*What to produce*.
Each line from the one containing "Machine Washable Oriental" through the last line of the data below should be printed exactly, please, with any pictures omitted.

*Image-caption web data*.
▬▬▬▬▬▬▬▬▬▬

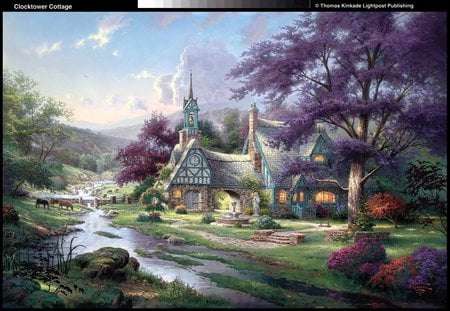 Clocktower Cottage - house, trees, stream cattle, beautiful, tower, painting, art, cottage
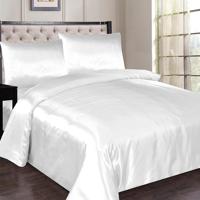 Glanzend Satijnen Dekbedovertrek Beauty Silk Wit-1-persoons (140 x 200/220 cm) - thumbnail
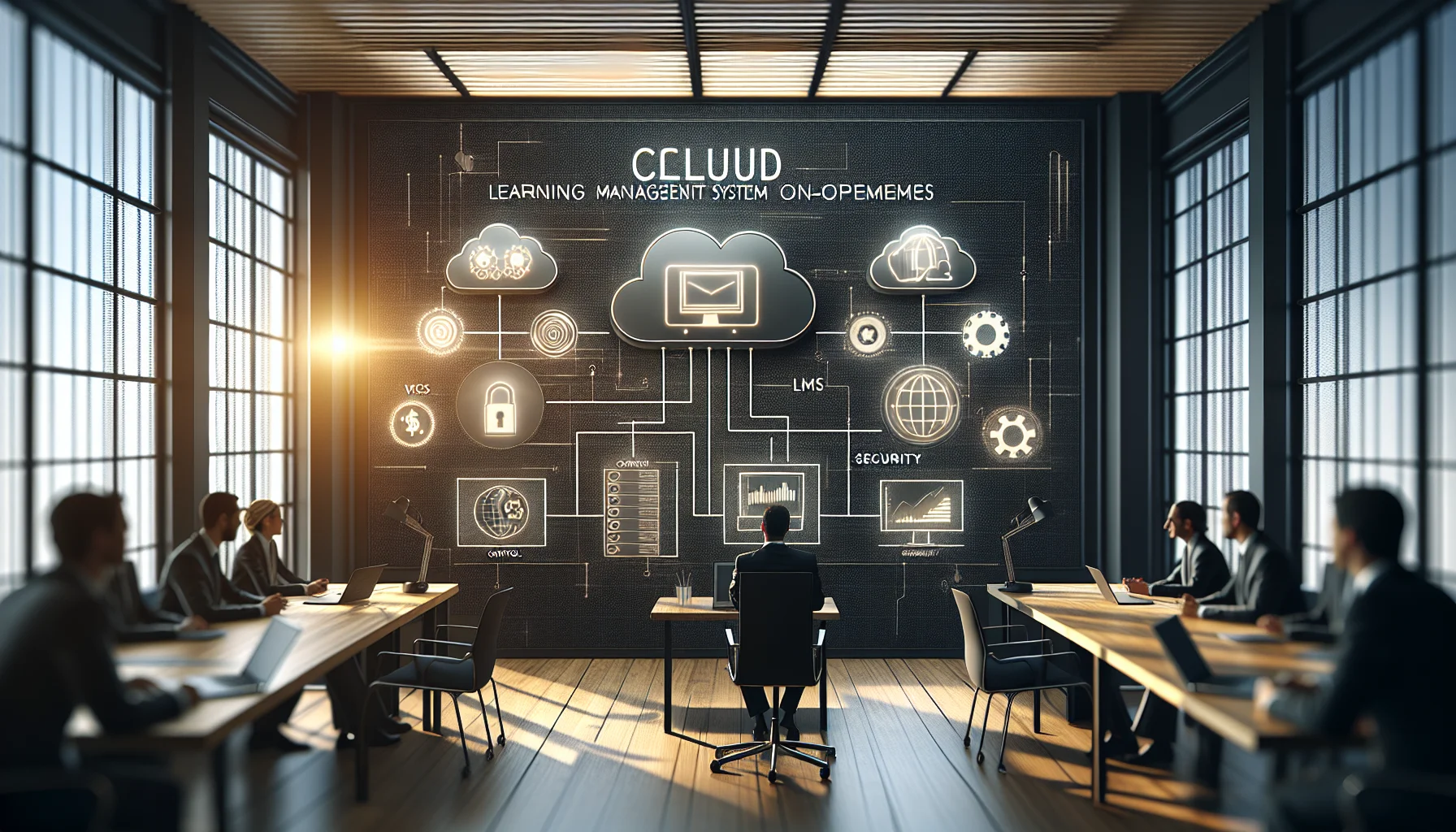 IT team evaluating cloud LMS and on-premises LMS options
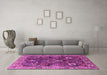 Machine Washable Oriental Pink Industrial Rug in a Living Room, wshurb1372pnk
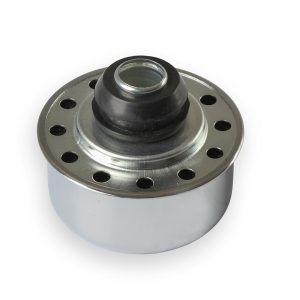 Mr. Gasket Crankcase Breather Cap, Round, 2-1/8 Inch Tall X 2-1/2 Inch Diameter, Push IN, Chrome, With Grommet – 2068
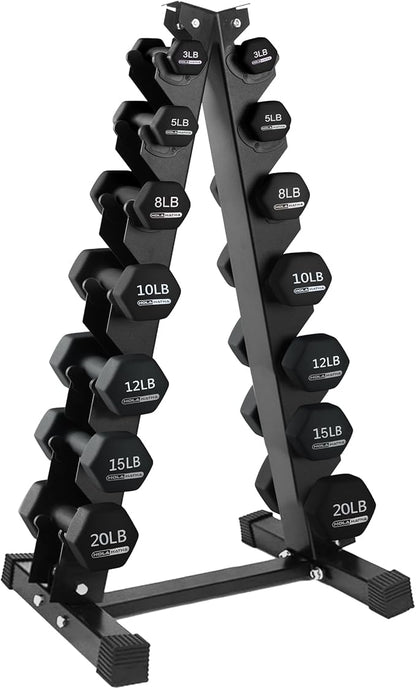 HolaHatha 2, 3, 5, 8, and 10 Pound Neoprene Dumbbell Free Hand Weight Set with Rack, Ideal for Home Exercises to Gain Tone and Definition, Pastel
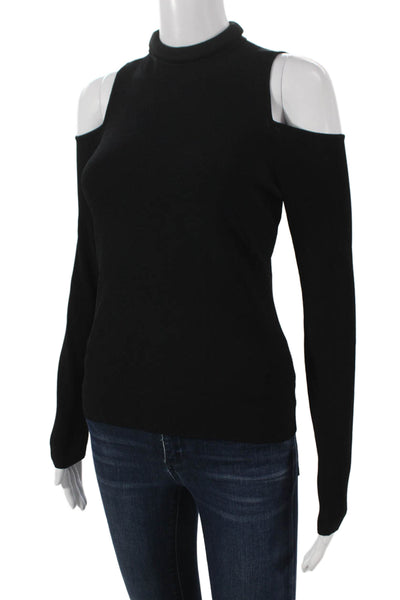Milly Women Black Basic Mock Neck Long Sleeve Pullover Top Size S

▬▬▬▬▬▬▬▬▬▬

*Exercise answer*.
 Machine Washable Oriental Pink Industrial Rug in a Living Room, wshurb1372pnk
 Mr. Gasket Crankcase Breather Cap, Round, 2-1/8 Inch Tall X 2-1/2 Inch Diameter, Push IN, Chrome, With Grommet – 2068
 HolaHatha 2, 3, 5, 8, and 10 Pound Neoprene Dumbbell Free Hand Weight Set with Rack, Ideal for Home Exercises to Gain Tone and Definition, Pastel
Milly Women Black Basic Mock Neck Long Sleeve Pullover Top Size S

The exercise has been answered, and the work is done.